Speech and language data are widely acknowledged to be indispensable to promoting speech and language research. Such data need to be of much variety. Recently, large amounts of data have become needed for use in speech and language processing systems, the most common of which use statistical methods. It has become possible to evaluate the performance and set new research objectives based on the obtained results using the real data, as the studies on speech and language processing technologies have developed recently. Moreover, it is necessary to objectively compare the performance of various methods to promote research and development of speech and language processing systems. The best way to conduct such comparisons, given our current knowledge, is to use each method or system to process a common body of data and to then compare the results.

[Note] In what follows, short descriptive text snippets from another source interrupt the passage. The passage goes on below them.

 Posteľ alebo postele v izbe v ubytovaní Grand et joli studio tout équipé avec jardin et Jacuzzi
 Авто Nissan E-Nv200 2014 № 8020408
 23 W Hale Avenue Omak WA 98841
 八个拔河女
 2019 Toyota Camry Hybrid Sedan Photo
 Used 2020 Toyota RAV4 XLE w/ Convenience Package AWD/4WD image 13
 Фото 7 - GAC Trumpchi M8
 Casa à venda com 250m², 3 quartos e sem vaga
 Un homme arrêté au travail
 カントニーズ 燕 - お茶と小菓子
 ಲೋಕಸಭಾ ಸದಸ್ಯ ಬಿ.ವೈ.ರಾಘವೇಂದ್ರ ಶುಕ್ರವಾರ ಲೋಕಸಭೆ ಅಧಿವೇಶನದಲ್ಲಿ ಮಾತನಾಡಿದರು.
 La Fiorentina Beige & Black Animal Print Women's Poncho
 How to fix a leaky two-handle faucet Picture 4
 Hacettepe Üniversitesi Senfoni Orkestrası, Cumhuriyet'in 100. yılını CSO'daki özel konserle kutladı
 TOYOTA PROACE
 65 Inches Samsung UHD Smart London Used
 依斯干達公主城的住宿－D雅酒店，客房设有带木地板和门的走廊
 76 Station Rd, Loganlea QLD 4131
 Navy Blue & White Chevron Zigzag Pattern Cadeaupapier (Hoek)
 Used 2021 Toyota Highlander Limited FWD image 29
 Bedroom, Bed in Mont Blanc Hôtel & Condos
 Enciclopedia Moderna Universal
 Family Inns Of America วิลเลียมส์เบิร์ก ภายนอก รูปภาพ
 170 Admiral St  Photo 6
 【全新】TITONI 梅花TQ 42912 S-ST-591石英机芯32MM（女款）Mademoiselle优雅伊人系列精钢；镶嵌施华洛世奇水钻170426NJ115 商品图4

To enable such endeavors, it is necessary to collect and keep large amounts of speech and language data of various kinds. These resources must be open to the public so that they may be utilized for research and development and system performance assessment. A collection of data to be used for this purpose is called a speech/language database or a speech/language corpus, as it is well known. Recently, the necessity and the significance of speech and language corpora have been acknowledged widely, but in the past, individual researchers recorded speech data or collected language data, storing and using them as needed. Each research institute has collected more or less similar speech and language data, though doing so separately at each institute cost much time and money. Preparing a common framework has come to be considered necessary so as to create, collect, store, distribute, and share speech and language data in order to develop speech and language studies and related areas.
With this background, the Linguistic Data Consortium (LDC) was established in 1992. LDC is an open consortium of universities, companies, and government research laboratories. Over 100 institutions have joined the consortium; most of them are from the U.S. The consortium creates, collects, and distributes speech and text databases, lexicons, and other resources for research and development purposes. The European Language Resources Association (ELRA) was established as a non-profit organization in 1995. It is the driving force to make available the language resources for language engineering and to evaluate language engineering technologies.
It has become possible worldwide to utilize speech and language data of English and European languages owing to the establishment of LDC and ELRA. However, the domestic supply system of spoken and written Japanese data has not been established, and only a small amount of this data is available for use from overseas. Not only domestic but also overseas researchers are interested in Japanese speech and language data, but the requests from abroad for available speech and language data cannot be met in the present state of affairs.
Although the necessity of shared speech data has long been acknowledged, their realization has been slow to develop in Japan. Owing to the need to prepare a systematic, common framework for collecting, creating, storing, distributing, and sharing speech and language data in order to secure progress in future research, the Linguistic Resources Sharing Initiative (LRSI) was launched in 1994 and later GSK (Gengo Shigen Kyookai, Language Resources Association) was established in 1999. However, these efforts were not able to function as expected. GSK was renovated as an NPO in 2003; a 3-year project was adopted in 2005 for financially supporting its activity. The association plans to concentrate mostly on text corpora.
The National Institute of Informatics (NII), both as the national center of informatics and as one of the inter-university research institutes of the Inter-University Research Institute Corporation, aims to deepen the field of informatics, to create future value by informatics, to construct an infrastructure for scientific information based on a scientific information network as well as the contents of that network, and to contribute to the scientific community as a whole. As a part of promoting these missions, NII has decided to initiate the Speech Resources Consortium (SRC) toward creation of future value in information media, especially speech media. NII will promote this consortium together with GSK.